The MTA is still struggling to staff trains and buses a year after The Post and other outlets reported that a shortage of workers was driving train delays and cancellations, officials said.
New York City Transit President Rich Davey said in a memo on Friday that he plans to launch a “working group” to address ongoing challenges with “crew availability,” which according to MTA data caused a quarter of the weekday train delays in June.
“The most important factor to increase service delivery is maintaining consistent and sufficient staffing,” Davey wrote in the memo, which was obtained by The Post.
The MTA’s operating workforce shrunk significantly in the depths of the COVID-19 crisis, when retirements soared and officials instituted a hiring freeze to offset revenue losses.
Officials have since hired more personnel, but the agency has yet to match the number of bus and train operators it had on payroll before the pandemic, a senior official said.
The agency will be fully staffed on buses by the end of the summer, and on trains by the beginning of 2023, the official said — later than had previously been disclosed.
In the meantime, the working groups hope to take steps to incentivize good attendance.
A “care and aware” program that was piloted at two bus depots in 2019 will resume, the official said.
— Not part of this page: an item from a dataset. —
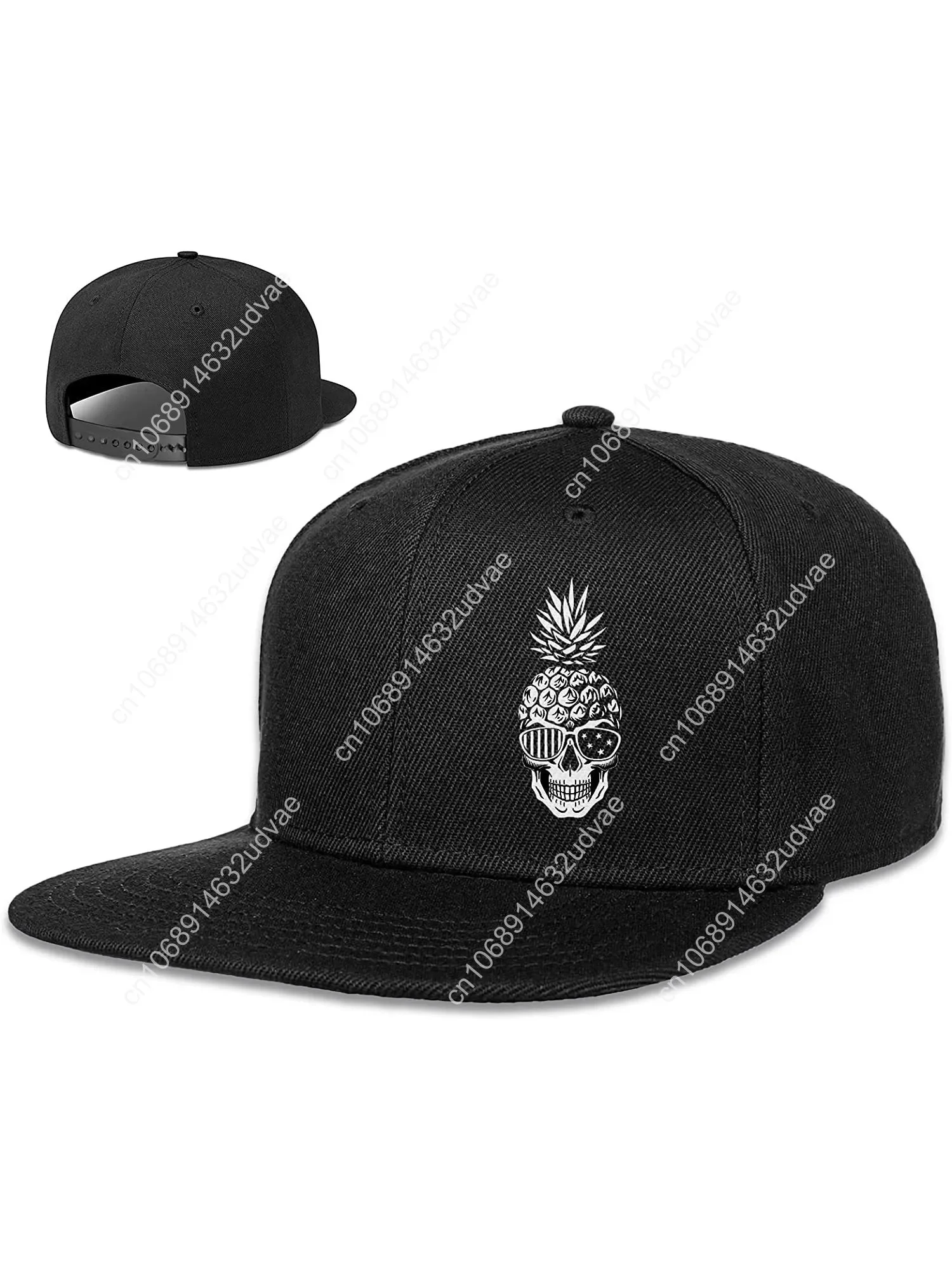 Мужские шляпы snapback с черепом и ананасом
The program aims to provide social services and other resources to support workers who have been injured on the job for whatever reason, and was shown to increase employee availability by 25% during the pilot.
“It’s not just about hiring up, but also creating a safe employee work environment,” the official said.
“The bottom line is we need more people, and when we have them we need them to be operating our trains and buses so we can reduce or eliminate these wait times and service disruptions.”
The Post reported in June 2021 that the staff shortage had forced thousands of subway and bus cancellations due to lack of train conductors, train operators and bus drivers.
By December officials had declared partial victory — but the number of crew-related delays is up 7% since then.
Transit officials reported nearly 33,000 weekday delays in June, the most recent month of available stats. Some 8,676 of those were caused by crew shortages — more than any other category.
On weekends, the percentage of staffing-induced delays was even higher, 32.6%.